Cherry picking SQL query fields to increase performance


The first SQL query most people learn is the SELECT statement with a query some thing like the following.

SELECT * FROM users WHERE id > 100

Nothing wrong with the syntax itself; but more often than not, what the user really wants is just a few columns from the table as shown in the PHP code below. Here we are only using three columns from the table. The usual practice of developers is to use the * modifier to get all the columns from the table as it is easier then specifying individual column names. It is quicker to select all columns from a table and worry later which to actually use in the code.

$sql = "SELECT * FROM users WHERE id > 100";
$result = mysql_query($sql);
 
if (!$result) {
    echo "Could not successfully run query ($sql) from DB: " . mysql_error();
    exit;
}
 
while ($row = mysql_fetch_assoc($result)) {
    echo $row["id"];
    echo $row["first_name"];
    echo $row["last_name"];
}

The problem with the above scenario is that MySQL has to move all that data over the network for each query, and the more redundant data there is the more bandwidth is wasted, impacting the performance of the website. If the number of columns in the table are small with a few thousand records, then the performance hit is barely noticeable. But increase the table columns and also the total records in the table and the delay gets noticeable.
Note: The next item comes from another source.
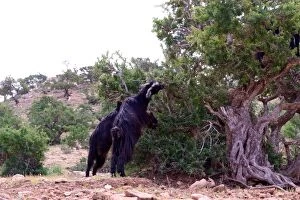 Images Dated 25th March 2015: Goats climbing an Argan tree, Morocco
The best way to mitigate this problem is to select the individual columns. This way we are not unnecessarily transferring data we do not require. For the above PHP code, the query would be as below.

SELECT id, first_name, last_name FROM users WHERE id > 100

In an example test on my local machine, using HeidiSQL as the SQL tool, I queried a 250 column table with around 33,000 records. Using SELECT * , HeidiSQL reported the following status.

/* 0 rows affected, 33,378 rows found. (+ 2.625 sec. network) */

While with the selected fields ( 3 in total ) it returned the following status.

/* 0 rows affected, 33,378 rows found. (+ 0.312 sec. network) */

As you may notice the network time is considerably larger for queries with the * modifier. The actual values do not matter but the relative difference between the timings. If you are running these kind of queries on your web server with high traffic, this can dramatically decrease the performance of your web site.

These type of problems can specially affect WordPress sites which use dozens of plugins. Any one of them using such sub-optimal queries can be a bottleneck of your complete site.

This site is a digital habitat of Sameer Borate, a freelance web developer working in PHP, MySQL and WordPress. I also provide web scraping services, website design and development and integration of various Open Source API's. Contact me at metapix[at]gmail.com for any new project requirements and price quotes.

4 Responses

1

علیرضا معظمی

January 29th, 2013 at 11:47 pm

the note is simple but many programmers dont pay attention.

when a query uses * after SELECT, then it needed to first fetch all column name from INFORMATION_SCHEMA table.

so if a programmer wants to get ALL fields in result, even using name of all fileds has higher performance from using * after SELECT.

2

vivek kumar

February 1st, 2013 at 11:33 pm

Its true……your post is relly helpful to programmers……….

3

dai

February 14th, 2013 at 10:50 pm

The lazy mans selection! It’ll bite the programmer in the butt in if you’re expecting the traffic to roll in

4

Tyler

February 19th, 2013 at 9:12 am

Great point. Thanks for including the network times. I am going to start doing this instead of *!